'''
Code for denoising images
'''

import torch
import torch.nn as nn
import torch.optim as optim
import torch.backends.cudnn as cudnn
from torch.utils.data import DataLoader
from torchvision import datasets

import torchvision
import torchvision.transforms as transforms
import numpy as np

import os
import argparse
from tqdm.auto import tqdm
import matplotlib.pyplot as plt

import math
from einops import rearrange, repeat

from src.models.nn import DropoutNd

device = 'cuda' if torch.cuda.is_available() else 'cpu'
best_acc = 0  # best test accuracy
start_epoch = 0  # start from epoch 0 or last checkpoint epoch

def split_train_val(train, val_split):
    train_len = int(len(train) * (1.0-val_split))
    train, val = torch.utils.data.random_split(
        train,
        (train_len, len(train) - train_len),
        generator=torch.Generator().manual_seed(42),
    )
    return train, val

# Define the path to store the CelebA dataset
data_dir = './data/CelebA'

res1 = 2048
res2 = 128

# Define transformations for the dataset
transform = transforms.Compose([
    transforms.CenterCrop(178),  # Center crop to 178x178
    transforms.Resize((res1,res2)),      # Resize to 128x128
    transforms.ToTensor(),       # Convert to tensor
    transforms.Normalize(mean=[0.5, 0.5, 0.5], std=[0.5, 0.5, 0.5]),  # Normalize
    transforms.Lambda(lambda x: x.view(3, res1*res2)),
])

# Load the CelebA dataset
dataset = datasets.CelebA(root=data_dir, split='train', transform=transform, download=False)
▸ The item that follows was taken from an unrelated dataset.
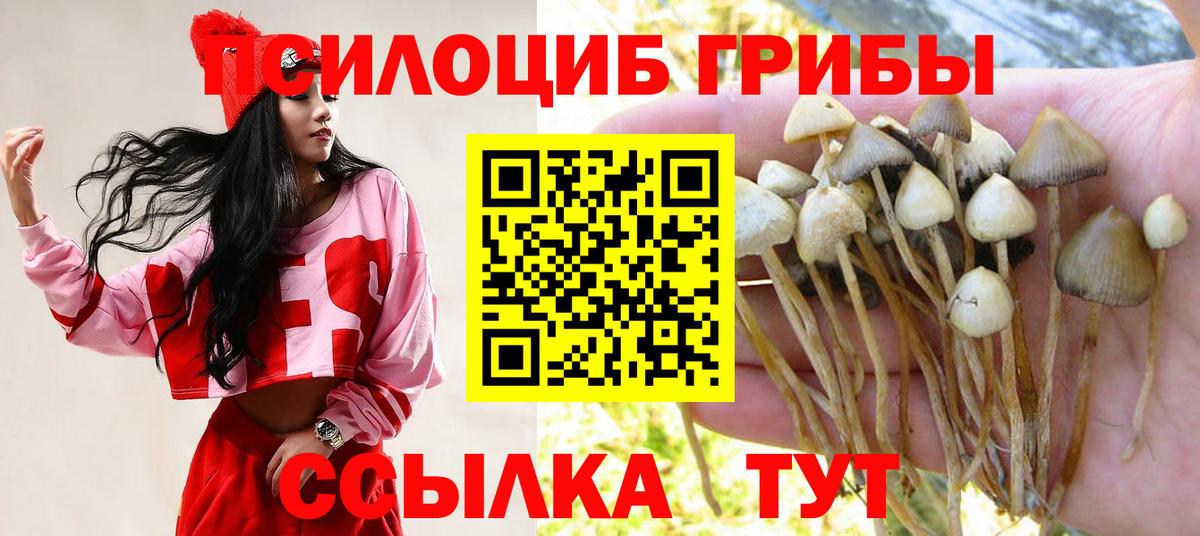 Ангарск  Галлюциногенные грибы Cubensis  Вход с VPN 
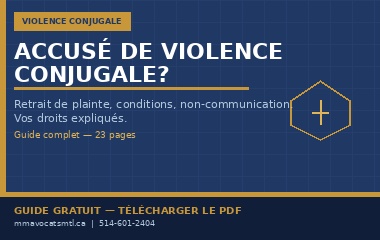 Accusation de violence conjugale — Guide de la défense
# Create DataLoader for the dataset
dataloader = DataLoader(dataset, batch_size=32, shuffle=True, num_workers=4)

# Check the dataset
print(f'Number of samples: {len(dataset)}')


"""Minimal version of S4D with extra options and features stripped out, for pedagogical purposes."""

class S4DKernel_simple(nn.Module):
    """Generate convolution kernel from diagonal SSM parameters."""

    def __init__(self, d_model, N=1, lr=0.0000):
        super().__init__()
        H = d_model
        log_dt = torch.rand(H) * (
            math.log(1e-4) - math.log(1e-4)
        ) + math.log(1e-4)

        #alpha = 490.52 # Flip
        alpha = math.pi # Raw
        #alpha = math.pi / 3 # Enhance
        #alpha = math.pi * 10 # Middle
        shift = 0
        A_imag = repeat(torch.arange(N // 2), 'n -> h n', h=H) * alpha + shift
        log_A_real = torch.log(3 * torch.ones(H, N//2))
        A_imag[:,0] *= 0
        log_A_real[:,0] = -5

        C = torch.randn(H, N // 2, dtype=torch.cfloat) * torch.abs(A_imag) / 1000
        self.C = nn.Parameter(torch.view_as_real(C))
        self.register("log_dt", log_dt, 0)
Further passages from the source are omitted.